**DESCRIPTION OF THE TASK**: Every record, apart from its pictures, should be repeated exactly.

**DATA FOR REVIEW**:
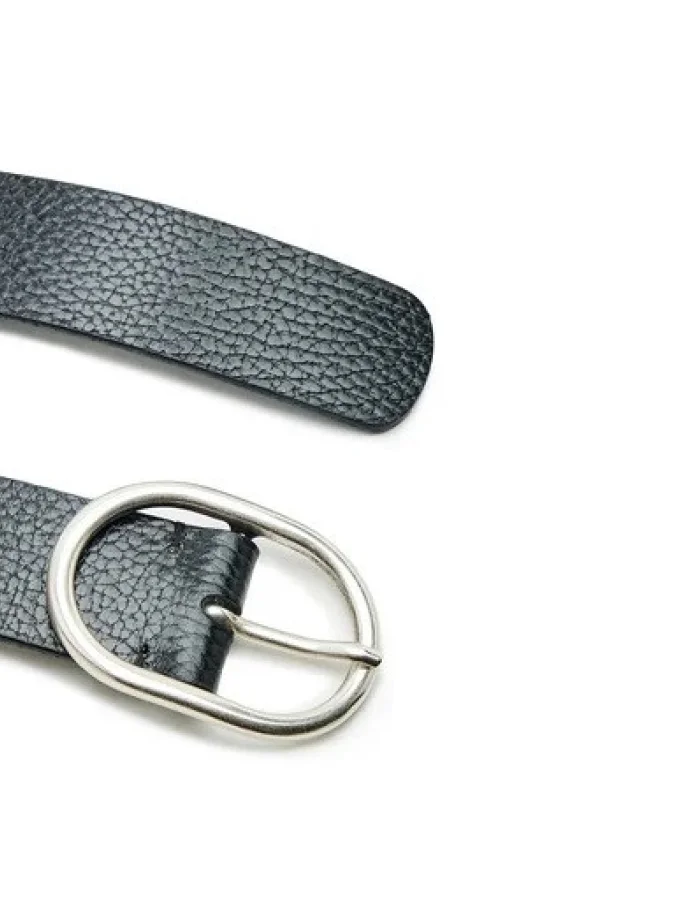 Lee - WIDE LEATHER BELT 2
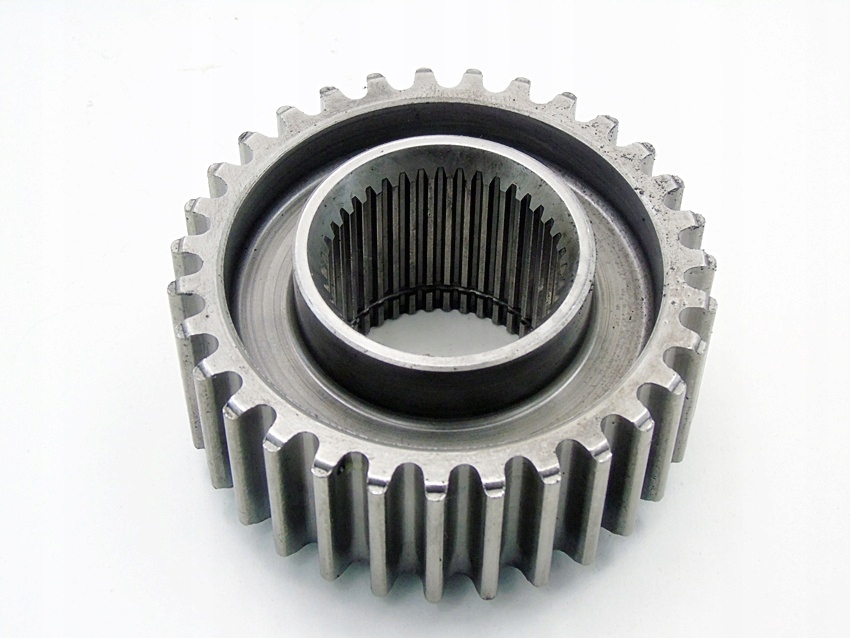 фото №3, Колесо зубчатое редуктор перед discovery 5 l462 range rover sport p9xm7k780ba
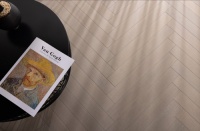 美好时光 越级享受 | 天格中国高端实木地板2026地面超凡美学速赏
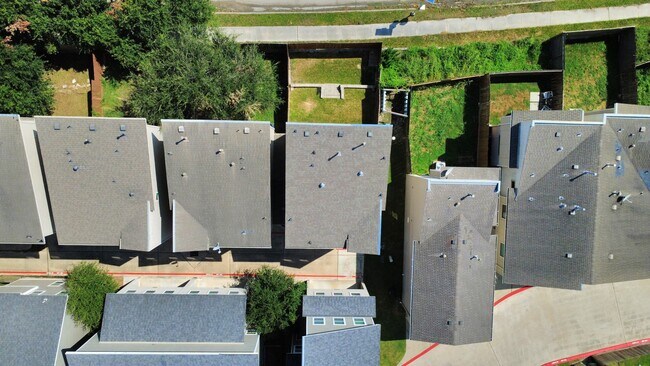 5319 Avenue J in Houston, TX - Building Photo - Building Photo
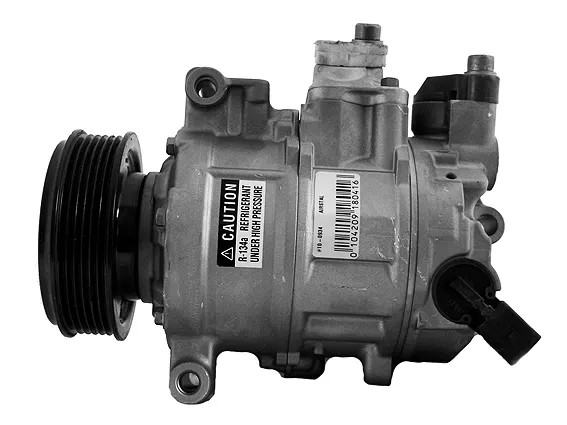 Compresor de aire acondicionado 100934 Airstal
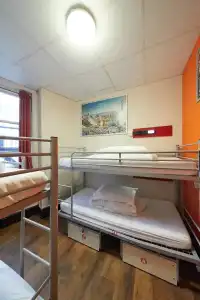 St Christopher's Inn, Hammersmith - Hostel - 39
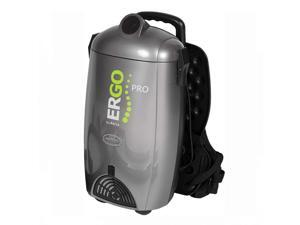 Atrix - VACBPAI ERGO PRO Backpack HEPA Vacuum Atrix - VACBPAI ERGO PRO Backpack HEPA Vacuum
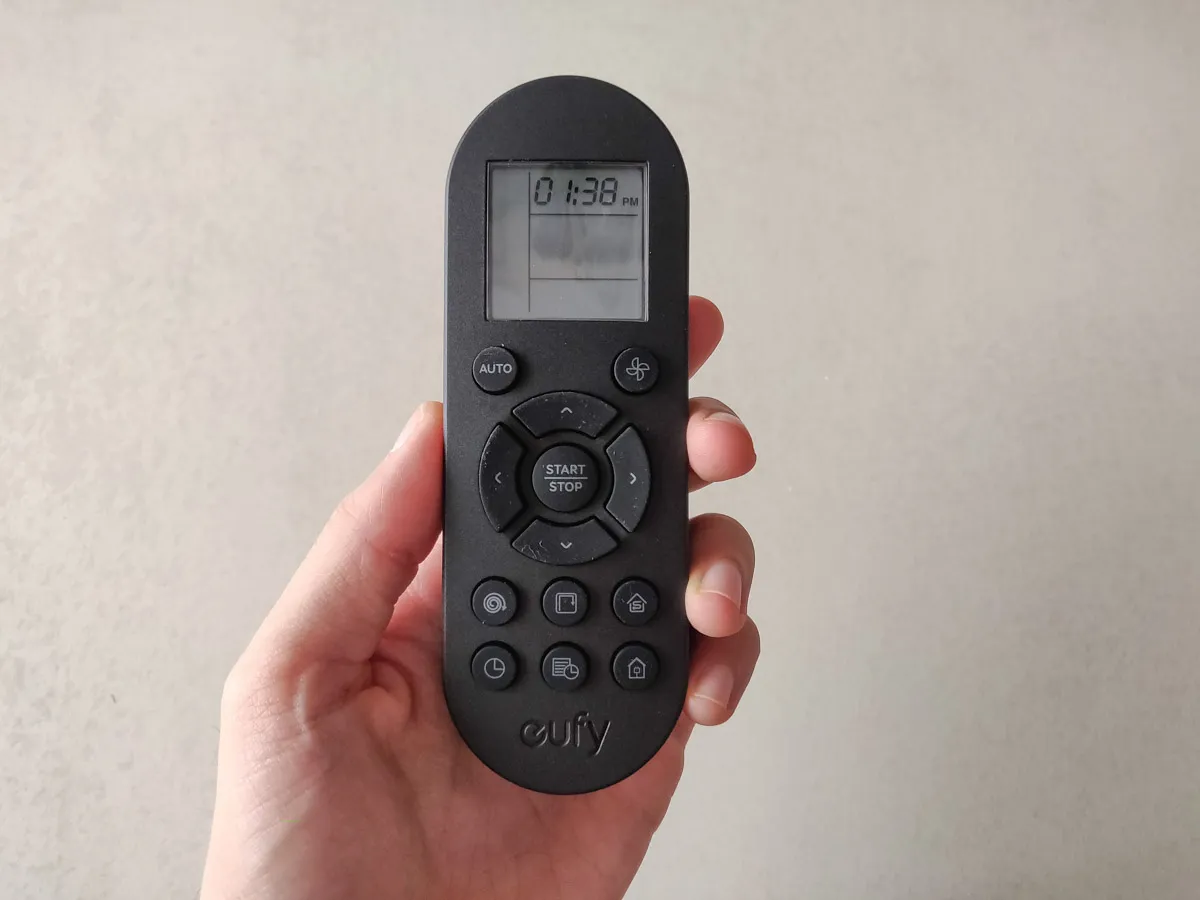 Recensione Eufy RoboVac 11S, l’aspirapolvere automatico di Anker si evolve Recensione Eufy RoboVac 11S, l’aspirapolvere automatico di Anker si evolve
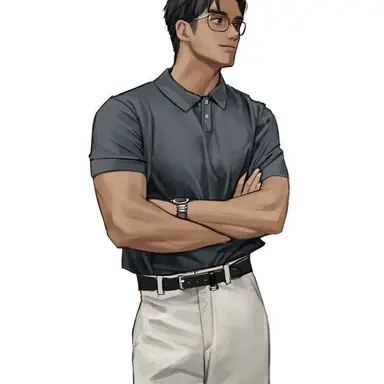 Profile image of Ace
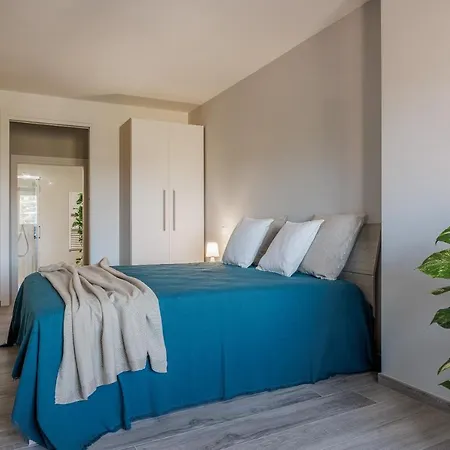 Siena Living Apartment Exterior photo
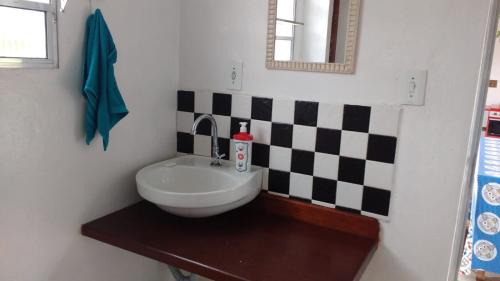 Sao Roque House | Sitio das Corujas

**EXERCISE OUTPUT**:
 Lee - WIDE LEATHER BELT 2
 фото №3, Колесо зубчатое редуктор перед discovery 5 l462 range rover sport p9xm7k780ba
 美好时光 越级享受 | 天格中国高端实木地板2026地面超凡美学速赏
 5319 Avenue J in Houston, TX - Building Photo - Building Photo
 Compresor de aire acondicionado 100934 Airstal
 St Christopher's Inn, Hammersmith - Hostel - 39
 Atrix - VACBPAI ERGO PRO Backpack HEPA Vacuum Atrix - VACBPAI ERGO PRO Backpack HEPA Vacuum
 Recensione Eufy RoboVac 11S, l’aspirapolvere automatico di Anker si evolve Recensione Eufy RoboVac 11S, l’aspirapolvere automatico di Anker si evolve
 Profile image of Ace
 Siena Living Apartment Exterior photo
 Sao Roque House | Sitio das Corujas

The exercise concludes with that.